M. Farouk Chareh exposant la position
syrienne au chef de l’Etat français.
Dans ce contexte, la visite que M. Farouk Chareh, ministre syrien des
Affaires étrangères, a effectuée à Paris -
après s’être arrêté au palais de Baabda au début
de la semaine pour un échange de vues avec les présidents
Emile Lahoud et Salim Hoss - avait son importance, car elle permettait
de se faire une idée précise de la position de la France
envers la crise du Proche-Orient dans cette phase critique et sur ses intentions
quant aux moyens à mettre en œuvre, à l’effet de prévenir
une nouvelle escalade sur une large échelle dans la partie méridionale
du Liban.
D’autant que la France participe à la FINUL depuis le premier
jour de sa constitution en 1978 et assure la coprésidence du groupe
de surveillance de la trêve issu de l’arrangement d’avril 96.
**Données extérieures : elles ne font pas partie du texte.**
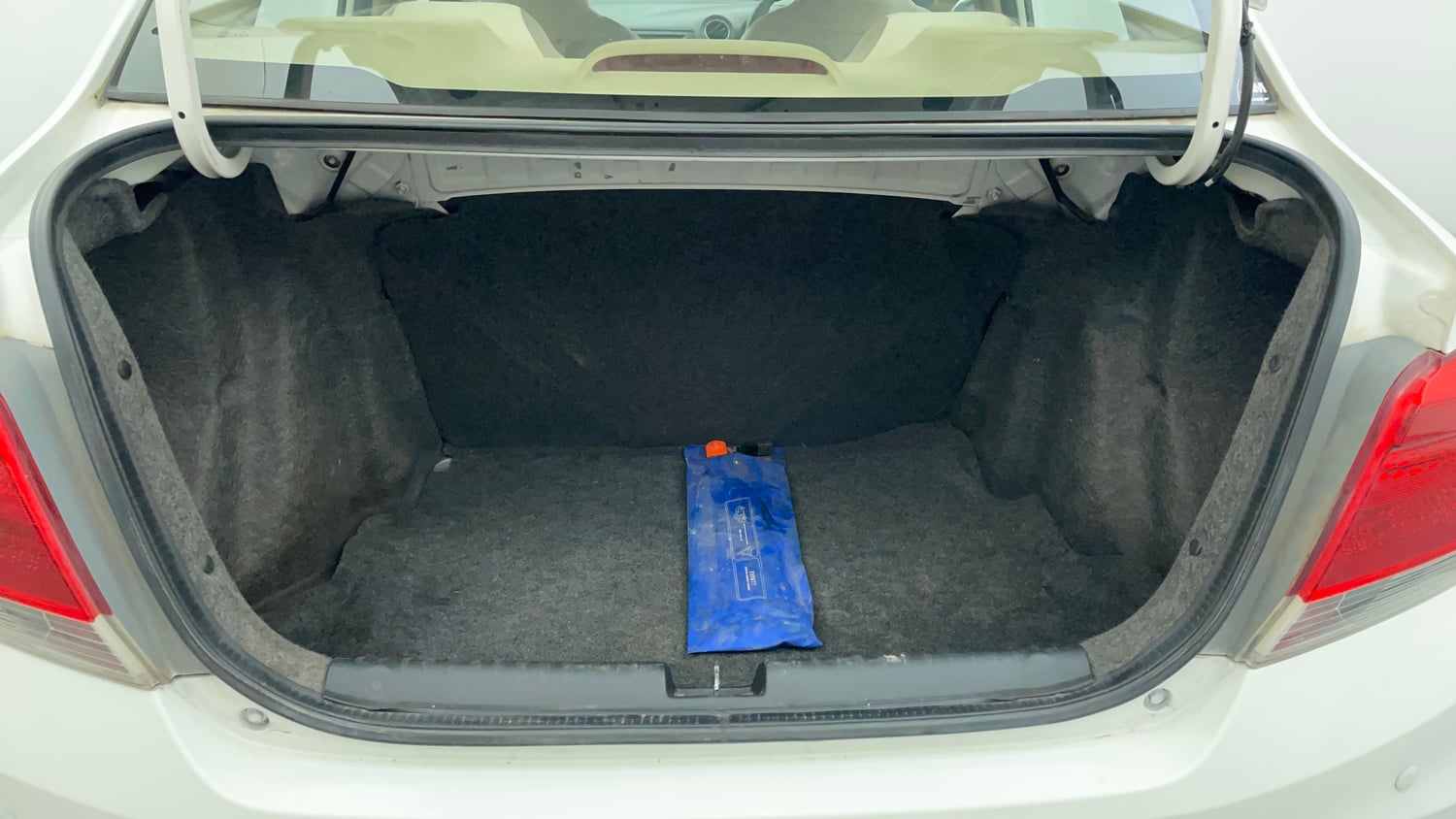 Used 2014 Honda Amaze 1.2 S i-VTEC Petrol Manual interior DICKY INSIDE VIEW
Car la position officielle française a été quelque
peu perturbée lors de la visite de M. Lionel Jospin, il y a deux
mois, en Israël où le Premier ministre français avait
provoqué des réactions hostiles en qualifiant de “terroristes”
les opérations anti-israéliennes du “Hezbollah”.
De plus, une récente déclaration de M. Alain Richard,
ministre français de la Défense, avait produit l’effet de
l’huile sur le feu, en ayant attribué à la Syrie l’intention
“d’entraver le retrait israélien afin de maintenir sa mainmise sur
le Liban”.
Tout cela avait besoin d’être clarifié, d’autant qu’on
s’attend à ce que les USA reviennent en force après le retrait
israélien, partant de son refus d’associer la France (et l’Europe)
à toute solution qui ne servirait pas les intérêts
de l’Amérique et d’Israël.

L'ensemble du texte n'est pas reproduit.